Но несмотря на равнодушное, если не сказать жестокое, отношение родителей Джироламо впоследствии никогда не отзывался о них непочтительно. Он лишь замечал: «.они были мало постоянны в своей любви к сыну. Отец казался более добрым ко мне и более нежно любил меня, чем мать». А вся-то любовь Фацио проявлялась в том, что он иногда разрешал сыну понежиться утром в постели. Вспоминая в старости свое безрадостное детство, Кардано об этих утренних минутах говорил как о самых счастливых. Лежа в постели, он предавался грезам, одно видение сменялось другим, «появлялись замки, дома, животные, всадники, растения, деревья, музыкальные инструменты, театры, люди, одетые в разнообразные одежды и разного вида, главным образом трубачи, как будто игравшие на трубах, но не издавая при этом никакого звука; затем видел я воинов, толпы народа, поля… луга, леса и множество других вещей… Я с большим увлечением предавался этому созерцанию».

Джироламо часто и подолгу хворал. Однажды – это случилось на восьмом году жизни – он заболел так сильно, что домашние смирились: мальчик не жилец на этом свете. Но, проболев семь или восемь месяцев, он вопреки молчаливому приговору окружающих поправился (Фацио был убежден, что тут не обошлось без вмешательства св. Иеронима, которого он просил о помощи, убедившись в бессилии врачей). Кардано запомнил этот день, потому что тогда «французы, победив на берегах Адды венецианские войска, устроили по случаю победы празднество». Из окна своей комнаты худой рыжеволосый мальчик, очень бледный и очень серьезный, смотрел на сверкающие под лучами майского солнца доспехи французских солдат, маршировавших по миланским улицам, слышал ржание лошадей и военную музыку.


Французы пришли в Италию уже в третий раз. В августе 1494 года король Карл VIII перевалил через Альпы с огромным по тому времени войском и артиллерией и прошел страну с севера на юг, грабя и разрушая все на своем пути. Так начались итальянские войны, длившиеся шестьдесят пять лет. Италия, не имевшая тогда централизованной власти, представляла собой неустойчивый конгломерат небольших государств: Венецианской Республики (основные города – Венеция, Падуя, Верона, Брешия), герцогства Милан (Милан, Павия, Кремона), Папской области (Рим, Равенна, Болонья), Флорентийской республики, Неаполитанского королевства и других. Такая политическая раздробленность страны явилась решающим обстоятельством, определившим ход итальянских войн.
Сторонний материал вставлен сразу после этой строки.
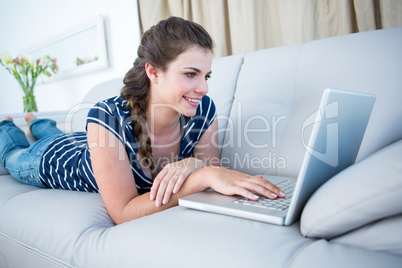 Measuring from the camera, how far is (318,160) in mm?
654

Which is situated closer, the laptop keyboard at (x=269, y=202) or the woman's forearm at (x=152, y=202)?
the laptop keyboard at (x=269, y=202)

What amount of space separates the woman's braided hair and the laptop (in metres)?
0.38

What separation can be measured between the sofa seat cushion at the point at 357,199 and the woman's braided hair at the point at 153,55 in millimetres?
684

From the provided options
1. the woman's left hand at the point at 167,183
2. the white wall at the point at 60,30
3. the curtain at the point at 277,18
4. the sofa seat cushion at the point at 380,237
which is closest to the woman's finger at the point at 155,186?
the woman's left hand at the point at 167,183

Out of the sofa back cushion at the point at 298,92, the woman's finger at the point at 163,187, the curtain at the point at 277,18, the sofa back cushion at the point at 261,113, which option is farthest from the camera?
the curtain at the point at 277,18

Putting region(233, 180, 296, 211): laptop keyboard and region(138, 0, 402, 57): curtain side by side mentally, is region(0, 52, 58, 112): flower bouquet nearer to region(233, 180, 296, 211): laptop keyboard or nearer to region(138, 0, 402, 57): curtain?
region(138, 0, 402, 57): curtain

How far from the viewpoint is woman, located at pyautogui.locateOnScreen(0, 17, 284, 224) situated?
3.02ft

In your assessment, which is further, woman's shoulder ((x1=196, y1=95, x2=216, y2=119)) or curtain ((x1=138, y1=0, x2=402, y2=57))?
curtain ((x1=138, y1=0, x2=402, y2=57))

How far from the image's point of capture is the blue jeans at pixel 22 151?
1.49 meters

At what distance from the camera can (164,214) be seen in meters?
0.83

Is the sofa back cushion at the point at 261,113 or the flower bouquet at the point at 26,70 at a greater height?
the flower bouquet at the point at 26,70

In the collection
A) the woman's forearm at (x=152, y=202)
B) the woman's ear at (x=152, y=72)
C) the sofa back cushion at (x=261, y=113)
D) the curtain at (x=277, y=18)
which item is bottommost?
the woman's forearm at (x=152, y=202)

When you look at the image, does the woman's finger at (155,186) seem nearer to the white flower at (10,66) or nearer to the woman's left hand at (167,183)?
the woman's left hand at (167,183)

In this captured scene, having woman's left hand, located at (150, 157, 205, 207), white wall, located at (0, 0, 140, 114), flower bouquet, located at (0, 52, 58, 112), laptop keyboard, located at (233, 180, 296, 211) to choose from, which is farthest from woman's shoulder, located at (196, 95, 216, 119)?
flower bouquet, located at (0, 52, 58, 112) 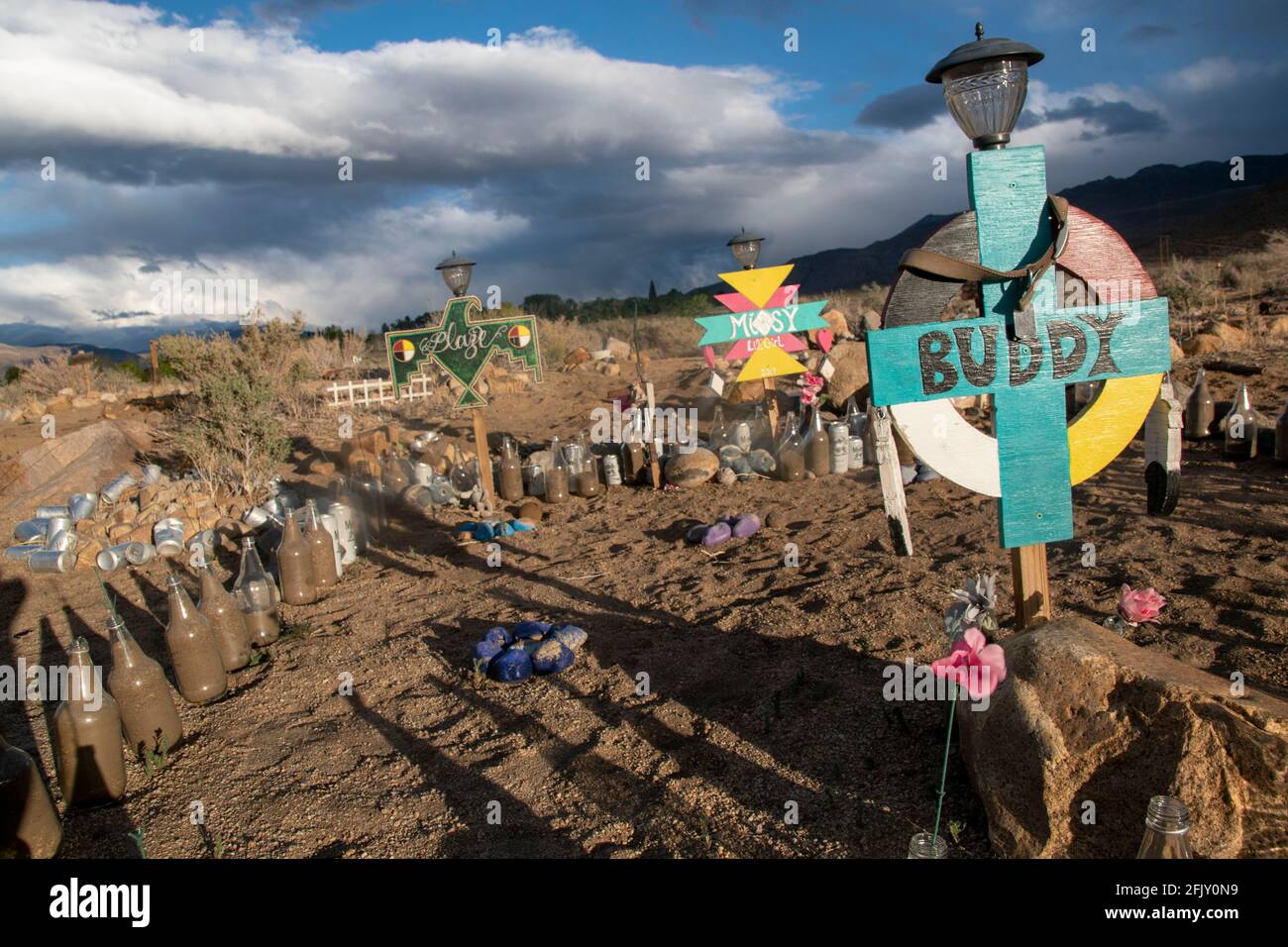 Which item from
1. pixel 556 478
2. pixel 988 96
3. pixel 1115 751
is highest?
pixel 988 96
В конце концов французы были вытеснены из страны, но не итальянцами, а испанцами, которых возглавлял император Священной Римской империи Карл V. В 1527 году его огромная армия, состоявшая из испанских солдат и немецких наемников, опустошив большую часть Италии, захватила и разграбила Рим. И хотя боевые действия продолжались еще около тридцати лет, хозяевами положения в стране стали испанцы.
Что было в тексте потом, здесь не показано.